- What is being asked: The material below has pictures in it. Set down only the lines from the line containing "2895 Hilton Circle" through the line containing "Casa à venda com 204m², 3 quartos e 4 vagas Casa", word for word, and leave the pictures behind.

- Materials provided:
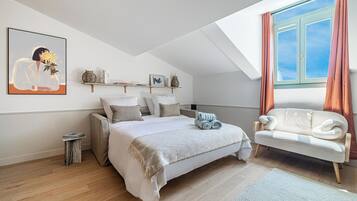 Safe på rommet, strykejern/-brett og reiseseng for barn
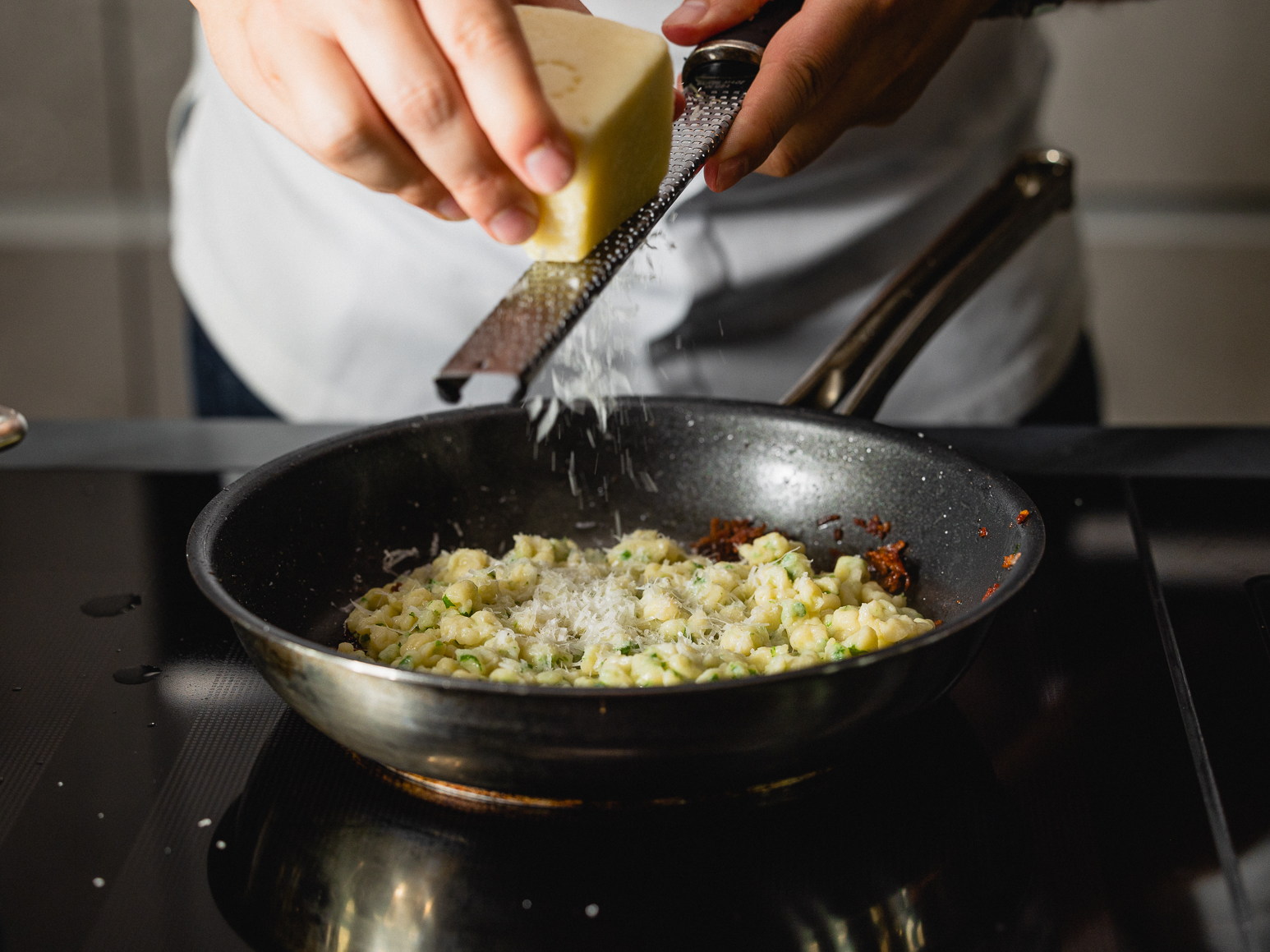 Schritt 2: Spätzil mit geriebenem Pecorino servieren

...

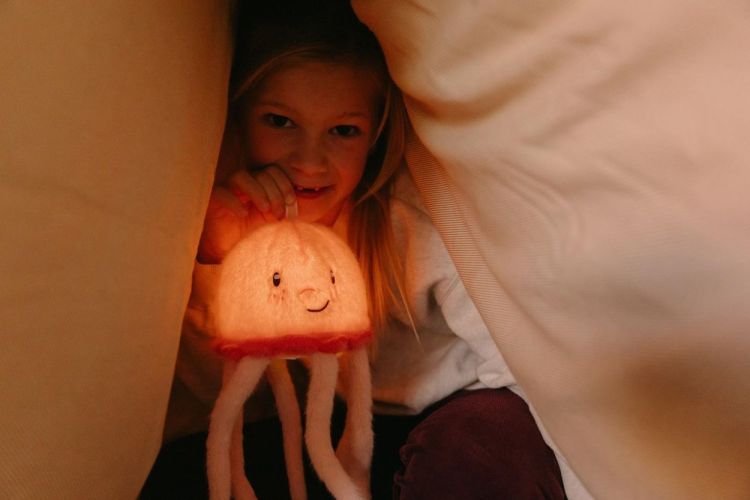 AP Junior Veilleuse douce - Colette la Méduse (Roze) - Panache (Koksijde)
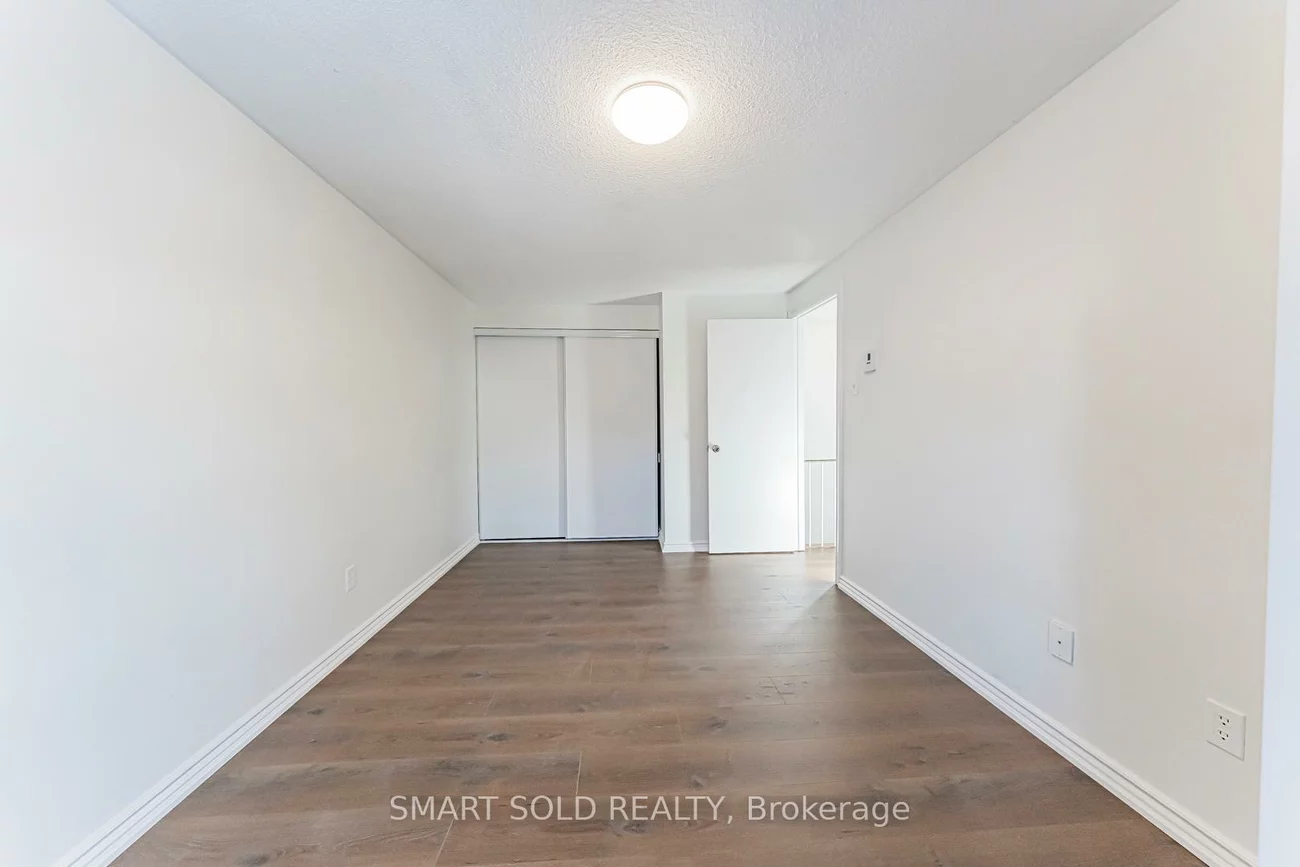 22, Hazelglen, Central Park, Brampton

--

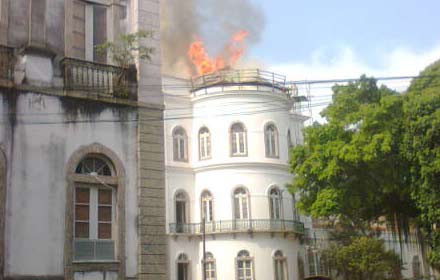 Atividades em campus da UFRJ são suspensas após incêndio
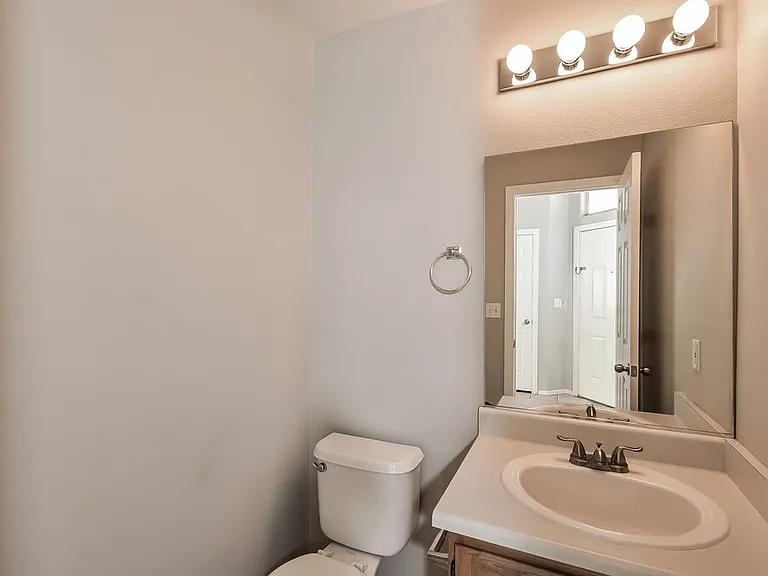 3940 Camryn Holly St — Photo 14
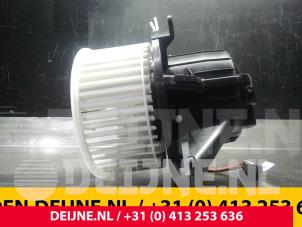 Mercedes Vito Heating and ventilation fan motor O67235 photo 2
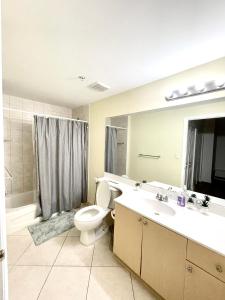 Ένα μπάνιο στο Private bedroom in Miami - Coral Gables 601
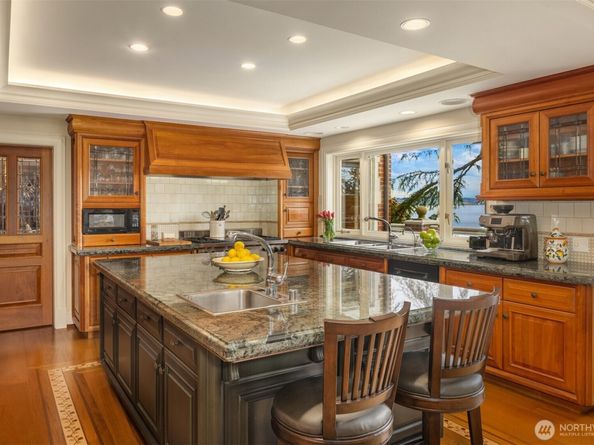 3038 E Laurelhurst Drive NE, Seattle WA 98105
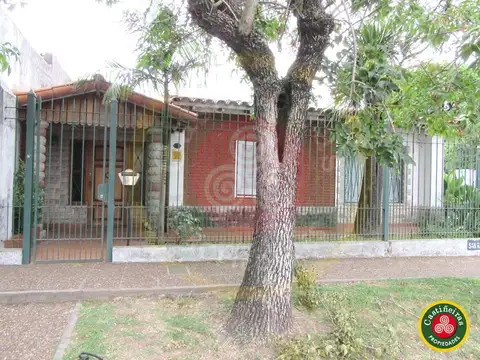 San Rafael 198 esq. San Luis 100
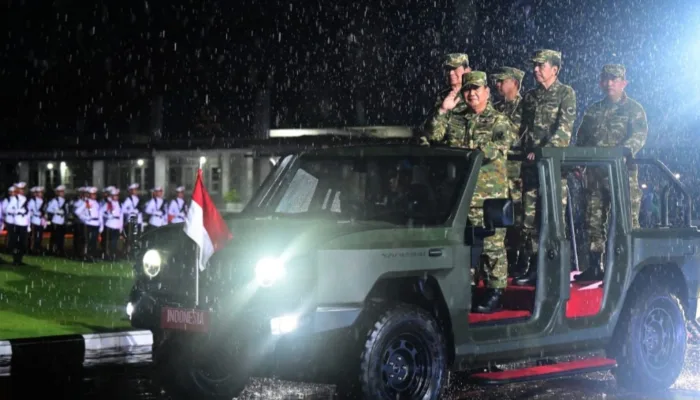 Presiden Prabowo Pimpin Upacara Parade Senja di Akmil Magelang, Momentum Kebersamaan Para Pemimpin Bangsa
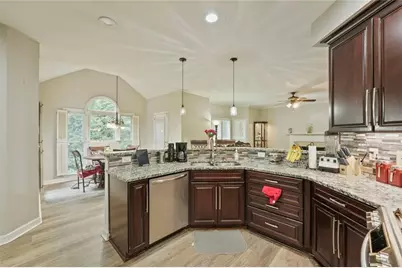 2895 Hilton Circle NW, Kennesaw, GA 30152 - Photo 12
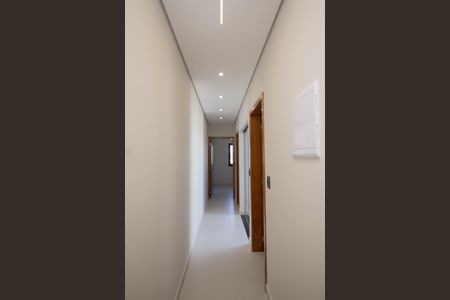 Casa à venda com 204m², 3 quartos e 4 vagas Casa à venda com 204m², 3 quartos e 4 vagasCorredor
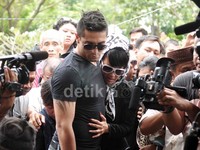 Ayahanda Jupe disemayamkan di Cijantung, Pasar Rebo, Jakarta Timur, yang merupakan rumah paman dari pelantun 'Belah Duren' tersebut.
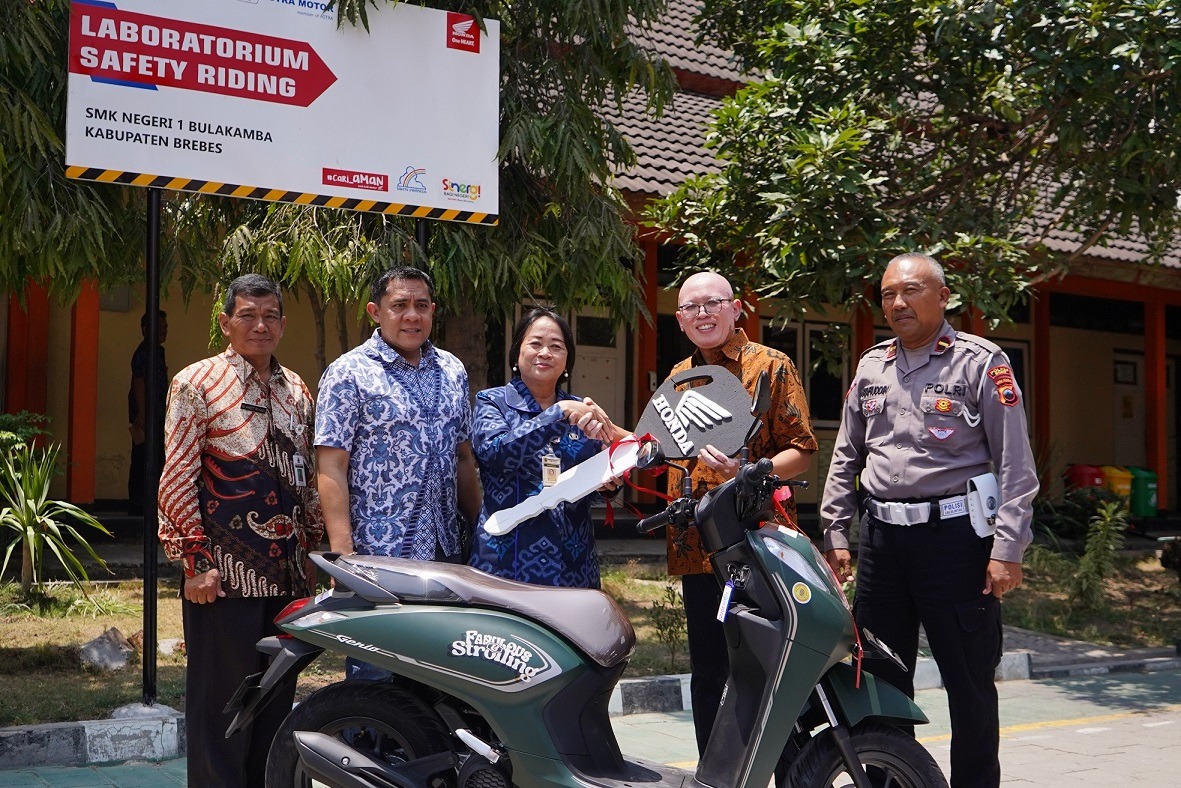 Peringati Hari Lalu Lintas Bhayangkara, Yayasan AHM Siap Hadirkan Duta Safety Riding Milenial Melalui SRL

- Answer to the exercise:
 2895 Hilton Circle NW, Kennesaw, GA 30152 - Photo 12
 Casa à venda com 204m², 3 quartos e 4 vagas Casa à venda com 204m², 3 quartos e 4 vagasCorredor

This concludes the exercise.